If you want to specify the exact shape, then it's even worse:

...
from typing import Literal

def translate_box(
    corners: np.ndarray[tuple[Literal[8], Literal[3]], np.dtype[np.float32]]
) -> np.ndarray[tuple[Literal[8], Literal[3]], np.dtype[np.float32]]:
    translation = np.array([1.0, -1.0, 0.0], dtype=corners.dtype)
    return corners + translation[np.newaxis, :]  # NumPy would also lose the type information here

NumTypes alleviates this issue by providing more concise syntax that:

  • documents the array shapes and data types at the desired specificity,
  • tells your type checker what to expect, and
  • helps it out whenever it gets confused by NumPy.

This library doesn't do any magic, it just provides sensible type aliases and leverages existing typing features (like type guards) in Python to give you better type hints. In fact, it's such a thin wrapper around NumPy's existing types that you could implement it yourself! But doing it every time for every project is tedious, so this library does it for you.

✨ Features

  • Precise shape typing - Specify exact dimensions or use wildcards for flexibility
  • dtype support - Full support for NumPy data types
  • Runtime shape validation - Verify array shapes at runtime with shape_of(), while helping your type checker in the process
  • Convenient & concise aliases - Vector, Matrix, IntArray, BoolArray, and more
  • Pyright compatible - Tested and working with Pyright/Pylance
  • Minimal overhead - Runtime validation is optional, lightweight and can easily be disabled

📦 Installation

pip install numtypes

🚀 Quick Start

The above use case can be simplified with NumTypes like this:

from numtypes import FloatArray, Dims, D

def translate_box(corners: FloatArray[Dims[D[8], D[3]]]) -> FloatArray[Dims[D[8], D[3]]]:
    translation = np.array([1.0, -1.0, 0.0], dtype=corners.dtype)
    result = corners + translation[np.newaxis, :]

    # Simple syntax for validating the shape and helping the type checker.
    assert shape_of(result, matches=(8, 3))

    return result  # The type checker now knows this is a FloatArray with shape (8, 3)

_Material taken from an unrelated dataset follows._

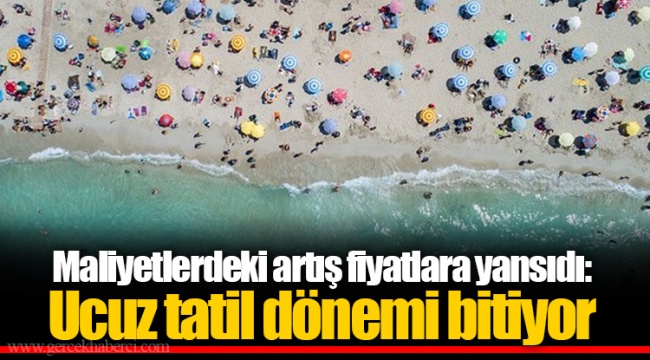 Maliyetlerdeki artış fiyatlara yansıdı: Ucuz tatil dönemi bitiyor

Nevertheless, in most cases you will likely use more flexible shapes, like Dim1, Dim2, etc. This allows you to specify the dimensionality without worrying about the exact size:

from numtypes import UByteArray, Dim1, Dim2

def flatten_image(image: UByteArray[Dim2]) -> UByteArray[Dim1]:
    return image.reshape(-1)  # This actually works with NumPy alone, since it is able to figure out the type.

📖 Usage

Basic Array Types

The most common pattern is using Dim1, Dim2, Dim3, etc. for arrays with a known number of dimensions:

from numtypes import Array, Dim1, Dim2, Dim3
import numpy as np

# Some NumPy functions infer type info properly
zeros_1d: Array[Dim1] = np.zeros((5,))
zeros_2d: Array[Dim2] = np.zeros((5, 5))
tensor: Array[Dim3] = np.ones((10, 20, 30))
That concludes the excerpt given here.